Task prompt |
The data below is to be written out exactly, with no pictures.

Collected data |
________

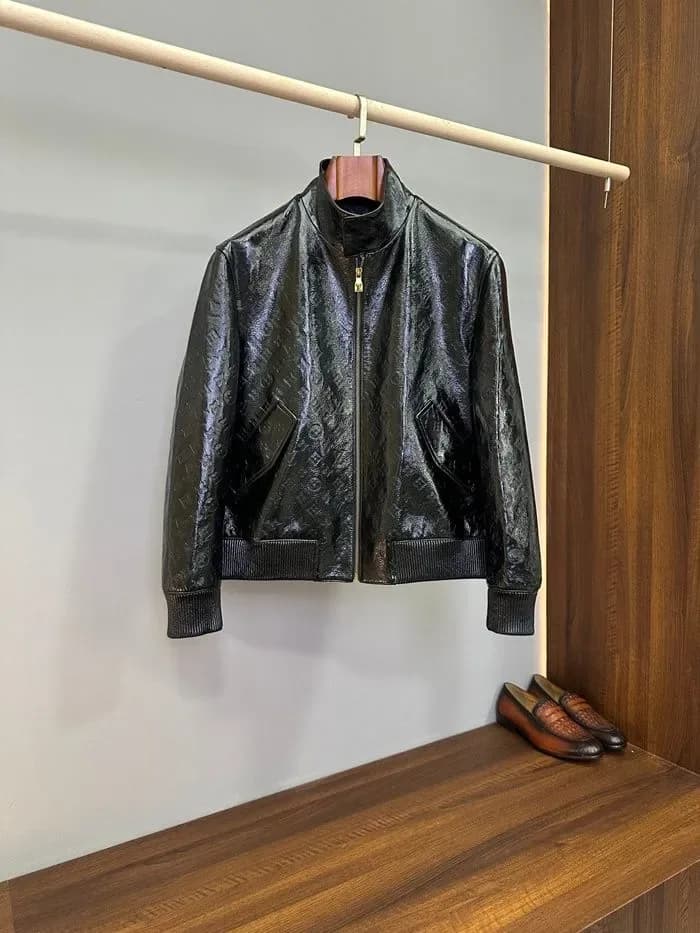 루이비통 남성 가죽 자켓 - Louis vuitton Mens Leather Jacket - lvc17411x 이미지 3/25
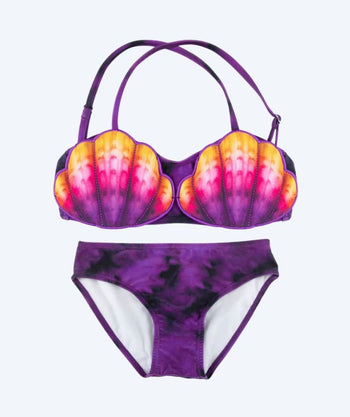 Fin Fun zeemeermin bikini voor kinderen - Royal Shell - Daybreak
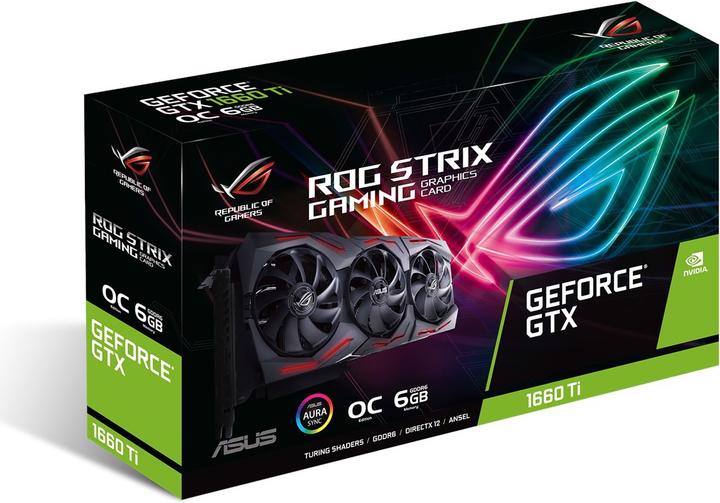 Produktbild ASUS GeForce ROG STRIX GTX 1660TI O6G GAMING (6 GB)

________

Solution for this task |
 루이비통 남성 가죽 자켓 - Louis vuitton Mens Leather Jacket - lvc17411x 이미지 3/25
 Fin Fun zeemeermin bikini voor kinderen - Royal Shell - Daybreak
 Produktbild ASUS GeForce ROG STRIX GTX 1660TI O6G GAMING (6 GB)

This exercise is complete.